If your parents are divorced, however, that can make things seem a bit more complicated. Still, there are steps you can take to make sure you get an accurate picture of your financial need.
5 Tips for Filing the FAFSA With Divorced Parents
These tips can help you stay on top of the FAFSA requirements even if you have divorced parents.
1. Fill Out the Form as Soon as Possible
The FAFSA for a given academic year—which begins on July 1—can be filled out as early as October of the previous calendar year. That means the FAFSA for the 2019-20 school year is available in October 2018.
It’s in your best interest to fill yours out as soon as possible after the form opens. Not only is financial aid awarded on a first-come, first-served basis, but it’ll also give you plenty of time to fill out any additional documentation needed or file a financial aid appeal letter, if necessary.
2. Talk to Both of Your Parents About Their Financial Situation
You’ll need to sit down with each of your parents—either together or separately—and talk about what is required of them during the financial aid process.
The parent who provided you the most financial support in the previous tax year is the one who should fill out the FAFSA; this usually ends up being the custodial parent or the one who claimed you on their taxes last year, but it isn’t always this way.
3. Consider Which Parent to Report As the Custodial Guardian
You’ll next need to consider parent is your custodial guardian. If your parents are divorced and separated, you should report the parent you’ve lived with the most over the past 12 months as your custodial guardian on the FAFSA. This will also be considered your legal residence.
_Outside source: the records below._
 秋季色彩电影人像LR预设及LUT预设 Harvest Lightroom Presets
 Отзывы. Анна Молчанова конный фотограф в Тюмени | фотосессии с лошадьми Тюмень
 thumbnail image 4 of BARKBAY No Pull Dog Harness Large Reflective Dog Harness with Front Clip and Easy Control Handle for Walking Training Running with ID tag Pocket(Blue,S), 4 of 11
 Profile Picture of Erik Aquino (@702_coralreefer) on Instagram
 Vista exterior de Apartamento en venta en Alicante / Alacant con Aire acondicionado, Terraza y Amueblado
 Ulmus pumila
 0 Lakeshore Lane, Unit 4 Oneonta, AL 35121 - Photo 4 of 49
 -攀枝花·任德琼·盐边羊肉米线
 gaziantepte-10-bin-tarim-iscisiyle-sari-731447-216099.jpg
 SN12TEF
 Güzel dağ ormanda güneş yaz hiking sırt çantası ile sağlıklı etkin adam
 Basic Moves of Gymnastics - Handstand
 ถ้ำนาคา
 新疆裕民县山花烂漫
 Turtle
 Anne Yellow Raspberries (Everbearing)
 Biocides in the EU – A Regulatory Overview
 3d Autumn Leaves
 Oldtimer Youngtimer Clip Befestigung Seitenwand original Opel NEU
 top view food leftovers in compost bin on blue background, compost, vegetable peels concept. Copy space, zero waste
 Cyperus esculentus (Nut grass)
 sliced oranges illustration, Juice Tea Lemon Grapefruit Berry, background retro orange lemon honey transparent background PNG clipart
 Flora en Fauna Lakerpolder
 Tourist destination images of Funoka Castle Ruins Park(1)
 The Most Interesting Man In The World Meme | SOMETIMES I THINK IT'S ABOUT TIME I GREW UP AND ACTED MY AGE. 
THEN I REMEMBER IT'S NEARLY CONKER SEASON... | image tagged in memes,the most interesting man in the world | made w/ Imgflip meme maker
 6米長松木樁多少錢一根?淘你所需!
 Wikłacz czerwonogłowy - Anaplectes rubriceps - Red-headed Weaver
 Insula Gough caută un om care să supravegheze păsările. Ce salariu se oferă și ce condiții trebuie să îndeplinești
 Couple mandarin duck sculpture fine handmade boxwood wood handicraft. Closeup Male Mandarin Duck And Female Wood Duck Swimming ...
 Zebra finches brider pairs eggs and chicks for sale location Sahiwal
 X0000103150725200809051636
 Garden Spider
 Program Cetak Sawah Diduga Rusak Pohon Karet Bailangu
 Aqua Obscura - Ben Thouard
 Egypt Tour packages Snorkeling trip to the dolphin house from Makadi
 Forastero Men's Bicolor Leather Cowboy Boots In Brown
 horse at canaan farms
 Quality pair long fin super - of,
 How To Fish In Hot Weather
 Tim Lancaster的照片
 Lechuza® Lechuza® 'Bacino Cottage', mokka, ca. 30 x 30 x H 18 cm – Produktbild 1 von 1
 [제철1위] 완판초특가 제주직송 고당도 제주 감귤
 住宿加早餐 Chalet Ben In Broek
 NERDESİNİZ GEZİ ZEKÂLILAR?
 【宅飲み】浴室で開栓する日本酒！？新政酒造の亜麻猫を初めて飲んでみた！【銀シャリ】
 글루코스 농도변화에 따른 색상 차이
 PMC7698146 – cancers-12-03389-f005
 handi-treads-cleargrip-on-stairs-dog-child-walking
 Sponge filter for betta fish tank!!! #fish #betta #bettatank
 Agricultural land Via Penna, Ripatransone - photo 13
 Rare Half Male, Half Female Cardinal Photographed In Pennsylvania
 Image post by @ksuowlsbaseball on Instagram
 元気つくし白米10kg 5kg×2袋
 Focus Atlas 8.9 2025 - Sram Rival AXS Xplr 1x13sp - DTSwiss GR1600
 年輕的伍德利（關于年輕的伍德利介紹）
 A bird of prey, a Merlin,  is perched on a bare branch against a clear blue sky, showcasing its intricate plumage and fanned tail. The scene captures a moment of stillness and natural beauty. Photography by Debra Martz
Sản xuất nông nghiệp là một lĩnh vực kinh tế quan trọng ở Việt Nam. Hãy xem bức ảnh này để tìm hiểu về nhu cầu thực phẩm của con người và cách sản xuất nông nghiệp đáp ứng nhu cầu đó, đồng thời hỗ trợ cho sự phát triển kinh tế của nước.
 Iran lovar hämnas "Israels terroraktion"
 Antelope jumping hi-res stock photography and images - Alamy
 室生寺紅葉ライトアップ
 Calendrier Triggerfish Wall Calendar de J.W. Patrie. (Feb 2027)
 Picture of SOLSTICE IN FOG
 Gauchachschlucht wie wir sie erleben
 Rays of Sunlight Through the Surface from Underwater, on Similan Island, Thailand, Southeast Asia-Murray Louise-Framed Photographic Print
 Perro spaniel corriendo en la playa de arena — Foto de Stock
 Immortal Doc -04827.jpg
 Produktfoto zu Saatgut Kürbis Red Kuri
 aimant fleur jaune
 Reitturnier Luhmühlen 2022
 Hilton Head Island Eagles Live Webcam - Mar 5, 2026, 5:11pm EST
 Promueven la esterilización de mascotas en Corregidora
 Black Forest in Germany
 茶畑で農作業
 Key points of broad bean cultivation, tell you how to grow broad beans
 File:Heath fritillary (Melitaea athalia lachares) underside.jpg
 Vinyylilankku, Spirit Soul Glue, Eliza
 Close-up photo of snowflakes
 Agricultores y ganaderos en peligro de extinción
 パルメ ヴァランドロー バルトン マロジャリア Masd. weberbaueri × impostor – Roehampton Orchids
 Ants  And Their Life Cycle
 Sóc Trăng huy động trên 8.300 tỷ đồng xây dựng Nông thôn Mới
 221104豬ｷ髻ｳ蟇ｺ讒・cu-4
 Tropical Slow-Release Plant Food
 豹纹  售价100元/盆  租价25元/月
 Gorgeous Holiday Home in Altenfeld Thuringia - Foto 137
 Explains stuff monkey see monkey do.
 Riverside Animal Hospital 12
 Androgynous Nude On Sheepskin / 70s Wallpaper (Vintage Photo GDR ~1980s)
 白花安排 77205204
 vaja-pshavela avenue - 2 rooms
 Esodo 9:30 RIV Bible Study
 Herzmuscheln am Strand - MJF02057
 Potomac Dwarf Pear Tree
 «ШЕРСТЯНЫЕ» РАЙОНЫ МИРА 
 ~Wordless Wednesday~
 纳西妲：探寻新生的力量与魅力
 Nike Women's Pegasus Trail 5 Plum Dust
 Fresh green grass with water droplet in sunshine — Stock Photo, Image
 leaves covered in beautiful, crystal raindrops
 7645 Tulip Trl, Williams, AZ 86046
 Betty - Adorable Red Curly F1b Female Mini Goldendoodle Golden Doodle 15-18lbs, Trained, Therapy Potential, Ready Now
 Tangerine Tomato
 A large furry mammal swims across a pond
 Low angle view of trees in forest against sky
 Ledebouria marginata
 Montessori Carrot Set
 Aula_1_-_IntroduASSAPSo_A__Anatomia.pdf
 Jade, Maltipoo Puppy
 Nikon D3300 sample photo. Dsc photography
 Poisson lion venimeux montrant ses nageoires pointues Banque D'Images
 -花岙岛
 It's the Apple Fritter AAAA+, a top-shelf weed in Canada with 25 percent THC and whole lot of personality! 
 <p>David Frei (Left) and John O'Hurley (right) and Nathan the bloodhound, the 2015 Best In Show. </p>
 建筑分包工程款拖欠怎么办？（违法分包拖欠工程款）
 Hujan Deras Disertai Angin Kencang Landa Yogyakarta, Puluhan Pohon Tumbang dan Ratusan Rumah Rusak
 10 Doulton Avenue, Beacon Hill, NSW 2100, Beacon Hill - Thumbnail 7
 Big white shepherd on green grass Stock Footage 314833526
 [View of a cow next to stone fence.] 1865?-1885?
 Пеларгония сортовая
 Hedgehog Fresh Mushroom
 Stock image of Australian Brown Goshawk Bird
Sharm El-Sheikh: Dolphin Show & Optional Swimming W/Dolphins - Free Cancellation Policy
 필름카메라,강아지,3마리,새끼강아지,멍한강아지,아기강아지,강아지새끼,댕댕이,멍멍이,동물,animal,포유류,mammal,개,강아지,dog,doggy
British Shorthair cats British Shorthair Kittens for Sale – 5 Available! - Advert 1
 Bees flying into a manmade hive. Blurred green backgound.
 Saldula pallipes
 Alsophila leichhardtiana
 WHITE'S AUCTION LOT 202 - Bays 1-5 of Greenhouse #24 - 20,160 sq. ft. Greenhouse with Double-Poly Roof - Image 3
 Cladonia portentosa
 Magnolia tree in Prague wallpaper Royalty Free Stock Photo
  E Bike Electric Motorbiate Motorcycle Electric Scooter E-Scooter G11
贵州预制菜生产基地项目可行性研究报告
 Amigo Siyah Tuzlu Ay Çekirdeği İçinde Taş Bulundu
If you have spent equal time with both parents, then report the guardian who has contributed the most financial support over the past 12 months. If they are divorced and still live together, then you are able to report both guardians on the FAFSA.
4. Find Out the Relevant Financial Details of Your Parents’ Divorce
Finances can be an uncomfortable subject, and even more so when discussing financials pertaining to your parents’ divorce. Unfortunately, you’ll need to dig into those details in order to apply for financial aid.
Explaining why you need the information, and how it can help you, might help to get the ball rolling.
5. Understand That Recent Divorces Are Often More Complicated
Divorces are highly emotionally charged; there is often a sense of loss, sadness, or even anger involved. It may also take several years to iron out all of the financial entanglements.
If your parents’ divorce occurred within the last two or three years, expect that it may be more complicated to figure out all of the finances involved and where they stand as you fill out your FAFSA.
When it comes to your financial aid, there’s no way around it—having divorced parents can complicate matters.
If you take the time to talk openly with your parents, understand their situation, and also understand what the FAFSA requires, however, you can alleviate much of the discomfort. Most importantly, you can get the financial aid you need for school.